▶ **Activity**
Each line from the beginning of the entries below through the line that includes "Page 29 of Chapter 3" must be returned exactly as given.
▼▼▼
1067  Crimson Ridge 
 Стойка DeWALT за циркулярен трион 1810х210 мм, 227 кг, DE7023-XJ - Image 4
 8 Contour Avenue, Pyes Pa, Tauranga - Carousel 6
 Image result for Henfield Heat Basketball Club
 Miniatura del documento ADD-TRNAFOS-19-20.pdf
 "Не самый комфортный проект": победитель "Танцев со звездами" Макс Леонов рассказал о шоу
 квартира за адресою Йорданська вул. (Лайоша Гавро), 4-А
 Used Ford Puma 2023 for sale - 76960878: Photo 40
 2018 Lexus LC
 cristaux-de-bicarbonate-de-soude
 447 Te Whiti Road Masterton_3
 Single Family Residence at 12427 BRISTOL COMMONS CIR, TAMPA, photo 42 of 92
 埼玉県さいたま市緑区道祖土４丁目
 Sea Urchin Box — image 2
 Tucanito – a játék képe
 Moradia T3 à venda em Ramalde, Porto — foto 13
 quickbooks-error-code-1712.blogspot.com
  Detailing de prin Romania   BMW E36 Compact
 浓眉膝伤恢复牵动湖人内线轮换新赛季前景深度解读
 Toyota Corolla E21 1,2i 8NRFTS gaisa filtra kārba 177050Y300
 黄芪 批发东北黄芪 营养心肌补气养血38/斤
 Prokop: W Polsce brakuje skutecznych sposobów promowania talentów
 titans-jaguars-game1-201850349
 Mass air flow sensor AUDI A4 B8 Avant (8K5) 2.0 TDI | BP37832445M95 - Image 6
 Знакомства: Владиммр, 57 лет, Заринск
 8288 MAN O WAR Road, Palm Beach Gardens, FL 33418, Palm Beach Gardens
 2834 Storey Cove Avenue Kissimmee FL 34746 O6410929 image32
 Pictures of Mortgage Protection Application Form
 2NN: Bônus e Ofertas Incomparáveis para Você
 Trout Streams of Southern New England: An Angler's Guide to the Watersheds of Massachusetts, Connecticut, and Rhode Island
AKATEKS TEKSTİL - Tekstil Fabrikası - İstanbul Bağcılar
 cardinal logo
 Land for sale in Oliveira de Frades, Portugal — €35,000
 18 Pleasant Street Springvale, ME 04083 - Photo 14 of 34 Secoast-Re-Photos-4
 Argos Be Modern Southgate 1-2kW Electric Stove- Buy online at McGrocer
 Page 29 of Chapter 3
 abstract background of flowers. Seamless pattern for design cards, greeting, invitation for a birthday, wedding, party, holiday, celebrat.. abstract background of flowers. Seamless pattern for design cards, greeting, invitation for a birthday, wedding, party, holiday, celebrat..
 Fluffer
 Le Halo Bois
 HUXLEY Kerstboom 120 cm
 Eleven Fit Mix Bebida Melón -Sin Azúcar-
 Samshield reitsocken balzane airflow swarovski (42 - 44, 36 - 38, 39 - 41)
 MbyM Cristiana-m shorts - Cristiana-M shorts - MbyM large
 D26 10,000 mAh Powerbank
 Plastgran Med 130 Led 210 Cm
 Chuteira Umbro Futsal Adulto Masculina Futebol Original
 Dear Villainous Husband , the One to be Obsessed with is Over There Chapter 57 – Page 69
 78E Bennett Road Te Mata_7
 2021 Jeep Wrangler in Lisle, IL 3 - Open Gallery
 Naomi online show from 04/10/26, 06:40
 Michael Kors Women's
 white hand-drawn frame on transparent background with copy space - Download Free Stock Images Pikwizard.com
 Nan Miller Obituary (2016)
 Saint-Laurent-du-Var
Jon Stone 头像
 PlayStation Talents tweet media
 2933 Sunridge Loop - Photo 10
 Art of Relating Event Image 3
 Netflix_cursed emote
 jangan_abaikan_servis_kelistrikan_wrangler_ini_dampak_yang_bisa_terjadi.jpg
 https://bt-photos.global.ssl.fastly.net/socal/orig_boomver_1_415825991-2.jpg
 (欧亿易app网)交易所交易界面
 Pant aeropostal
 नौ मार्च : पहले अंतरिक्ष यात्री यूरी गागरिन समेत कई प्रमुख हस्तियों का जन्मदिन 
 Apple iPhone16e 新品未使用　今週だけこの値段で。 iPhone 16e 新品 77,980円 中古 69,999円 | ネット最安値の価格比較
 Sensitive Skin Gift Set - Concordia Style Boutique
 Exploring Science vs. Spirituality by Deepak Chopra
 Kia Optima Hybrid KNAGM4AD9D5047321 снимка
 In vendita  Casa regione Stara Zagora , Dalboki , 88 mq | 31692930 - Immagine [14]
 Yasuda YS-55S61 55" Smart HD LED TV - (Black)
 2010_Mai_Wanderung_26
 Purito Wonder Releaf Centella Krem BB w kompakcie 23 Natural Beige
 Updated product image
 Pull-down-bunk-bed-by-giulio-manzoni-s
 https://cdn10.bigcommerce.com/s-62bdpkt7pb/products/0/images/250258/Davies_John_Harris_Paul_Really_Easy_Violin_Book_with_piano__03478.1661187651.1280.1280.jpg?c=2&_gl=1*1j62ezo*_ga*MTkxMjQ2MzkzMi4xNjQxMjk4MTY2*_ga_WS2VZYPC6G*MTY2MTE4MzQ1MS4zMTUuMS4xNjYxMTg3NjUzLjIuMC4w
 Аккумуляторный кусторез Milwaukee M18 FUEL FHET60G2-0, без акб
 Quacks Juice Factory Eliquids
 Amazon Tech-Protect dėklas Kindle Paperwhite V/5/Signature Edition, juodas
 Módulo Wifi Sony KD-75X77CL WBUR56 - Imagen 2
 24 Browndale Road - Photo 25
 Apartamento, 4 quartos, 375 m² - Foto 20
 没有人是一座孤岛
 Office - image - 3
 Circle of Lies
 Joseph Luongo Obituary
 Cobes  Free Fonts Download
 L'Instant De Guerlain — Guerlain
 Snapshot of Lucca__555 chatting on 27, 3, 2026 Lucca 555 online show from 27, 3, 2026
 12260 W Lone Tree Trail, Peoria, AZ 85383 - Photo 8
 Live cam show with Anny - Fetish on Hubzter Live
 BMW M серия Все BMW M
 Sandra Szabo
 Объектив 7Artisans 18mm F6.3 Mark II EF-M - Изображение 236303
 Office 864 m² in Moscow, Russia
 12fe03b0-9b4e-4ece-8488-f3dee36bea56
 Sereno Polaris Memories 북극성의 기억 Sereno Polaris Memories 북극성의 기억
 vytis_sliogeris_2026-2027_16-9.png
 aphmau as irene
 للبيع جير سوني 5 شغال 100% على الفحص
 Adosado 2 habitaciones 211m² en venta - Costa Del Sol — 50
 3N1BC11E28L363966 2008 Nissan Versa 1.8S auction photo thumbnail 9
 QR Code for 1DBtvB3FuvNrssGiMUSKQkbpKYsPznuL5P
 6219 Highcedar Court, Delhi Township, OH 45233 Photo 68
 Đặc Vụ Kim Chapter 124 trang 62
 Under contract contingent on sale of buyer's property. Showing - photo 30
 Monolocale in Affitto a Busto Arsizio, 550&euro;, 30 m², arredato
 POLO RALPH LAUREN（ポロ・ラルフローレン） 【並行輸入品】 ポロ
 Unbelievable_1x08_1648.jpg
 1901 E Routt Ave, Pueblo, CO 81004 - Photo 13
▲▲▲
▶ **Expected answer**
1067  Crimson Ridge 
 Стойка DeWALT за циркулярен трион 1810х210 мм, 227 кг, DE7023-XJ - Image 4
 8 Contour Avenue, Pyes Pa, Tauranga - Carousel 6
 Image result for Henfield Heat Basketball Club
 Miniatura del documento ADD-TRNAFOS-19-20.pdf
 "Не самый комфортный проект": победитель "Танцев со звездами" Макс Леонов рассказал о шоу
 квартира за адресою Йорданська вул. (Лайоша Гавро), 4-А
 Used Ford Puma 2023 for sale - 76960878: Photo 40
 2018 Lexus LC
 cristaux-de-bicarbonate-de-soude
 447 Te Whiti Road Masterton_3
 Single Family Residence at 12427 BRISTOL COMMONS CIR, TAMPA, photo 42 of 92
 埼玉県さいたま市緑区道祖土４丁目
 Sea Urchin Box — image 2
 Tucanito – a játék képe
 Moradia T3 à venda em Ramalde, Porto — foto 13
 quickbooks-error-code-1712.blogspot.com
  Detailing de prin Romania   BMW E36 Compact
 浓眉膝伤恢复牵动湖人内线轮换新赛季前景深度解读
 Toyota Corolla E21 1,2i 8NRFTS gaisa filtra kārba 177050Y300
 黄芪 批发东北黄芪 营养心肌补气养血38/斤
 Prokop: W Polsce brakuje skutecznych sposobów promowania talentów
 titans-jaguars-game1-201850349
 Mass air flow sensor AUDI A4 B8 Avant (8K5) 2.0 TDI | BP37832445M95 - Image 6
 Знакомства: Владиммр, 57 лет, Заринск
 8288 MAN O WAR Road, Palm Beach Gardens, FL 33418, Palm Beach Gardens
 2834 Storey Cove Avenue Kissimmee FL 34746 O6410929 image32
 Pictures of Mortgage Protection Application Form
 2NN: Bônus e Ofertas Incomparáveis para Você
 Trout Streams of Southern New England: An Angler's Guide to the Watersheds of Massachusetts, Connecticut, and Rhode Island
AKATEKS TEKSTİL - Tekstil Fabrikası - İstanbul Bağcılar
 cardinal logo
 Land for sale in Oliveira de Frades, Portugal — €35,000
 18 Pleasant Street Springvale, ME 04083 - Photo 14 of 34 Secoast-Re-Photos-4
 Argos Be Modern Southgate 1-2kW Electric Stove- Buy online at McGrocer
 Page 29 of Chapter 3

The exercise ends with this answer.